Richard M. Thomas (A. Thomas Lane, Jr., on
brief), for appellee.
Newport News Shipbuilding and Dry Dock Company (employer)
appeals a decision of the Workers' Compensation Commission
awarding Percell W. Salisbury certain medical benefits. Employer
argues that the commission erred in: 1) finding the condition for
which Salisbury sought treatment was related to his compensable
injury; and 2) finding that Salisbury's chiropractor was his
treating physician. We disagree and for the reasons that follow,
affirm the commission's decision.
* Pursuant to Code § 17.1-413, this opinion is not
designated for publication. Further, because this opinion has
no precedential value, we recite only those facts essential to
our holding.
On December 17, 1999, Salisbury sustained an injury to his
lower back while he was working for Newport News Shipbuilding and
Dry Dock Company. Employer accepted the claim as compensable and
on September 8, 2000, the commission entered an award in his favor
for lifetime medical benefits.

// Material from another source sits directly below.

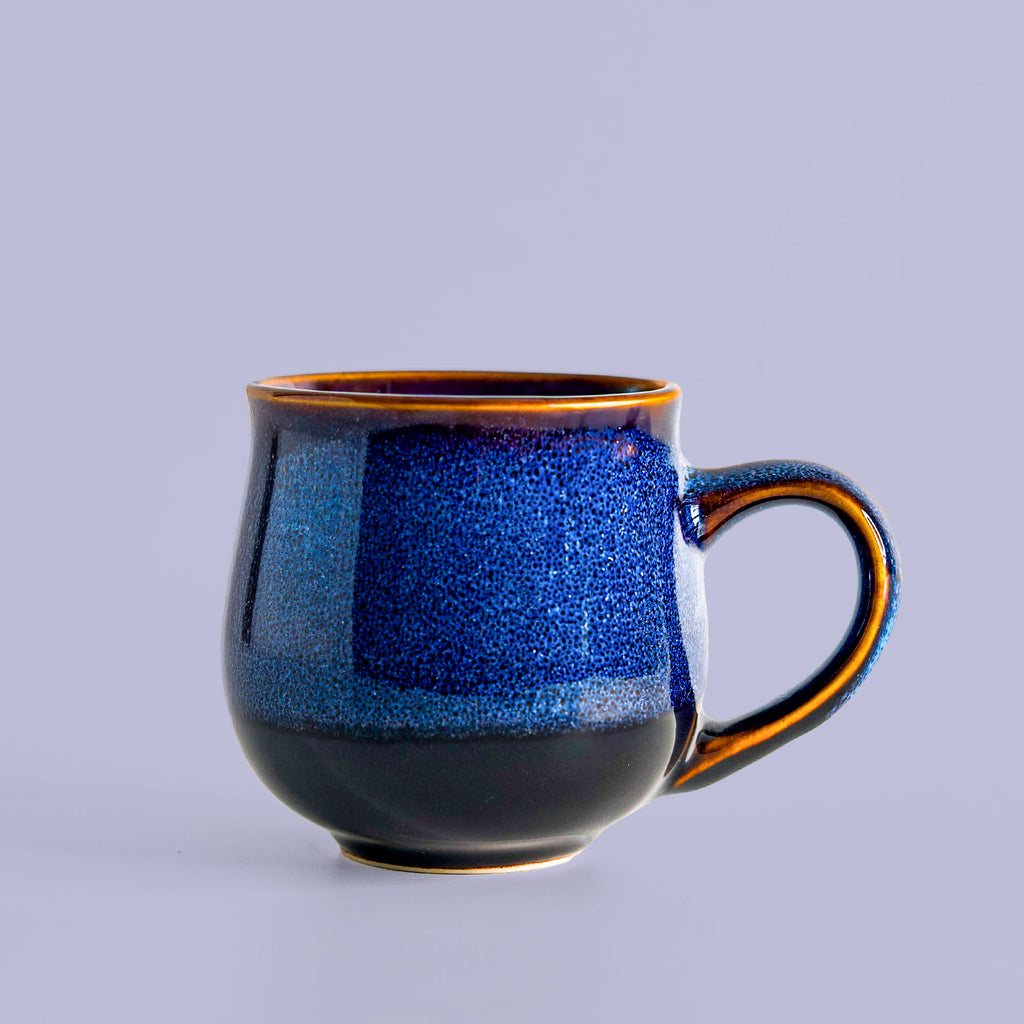 Merlin Belly Mug 8oz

On June 25, 2001, Salisbury filed
a claim with the commission requesting that employer be ordered to
pay for medical expenses he had incurred during his treatment with
his chiropractor, Dr. Ronald D. Lowman. After a determination on
the record, the commission ordered employer to compensate
Salisbury for the medical expenses at issue, finding that
Salisbury was permitted to seek treatment independently and that
the treatment provided by Dr. Lowman was causally related to the
December 17, 1999 accident.
On appeal, employer argues that the commission erred in
finding that it was responsible for Salisbury's medical treatment
as provided by Dr. Lowman. Employer further contends that the
commission should not have treated "Chiropractor Lowman as the
treating physician merely because [Salisbury] requested a panel of
physicians on February 19, 2001."
We view the evidence in the light most favorable to the
prevailing party below. R.G. Moore Bldg. Corp. v. Mullins, 10
Va. App. 211, 212, 390 S.E.2d 788, 788 (1990). "A determination
by the [c]ommission upon conflicting facts as to causal
relationship is conclusive and binding on appeal, absent fraud,
when such finding is supported by competent, credible evidence."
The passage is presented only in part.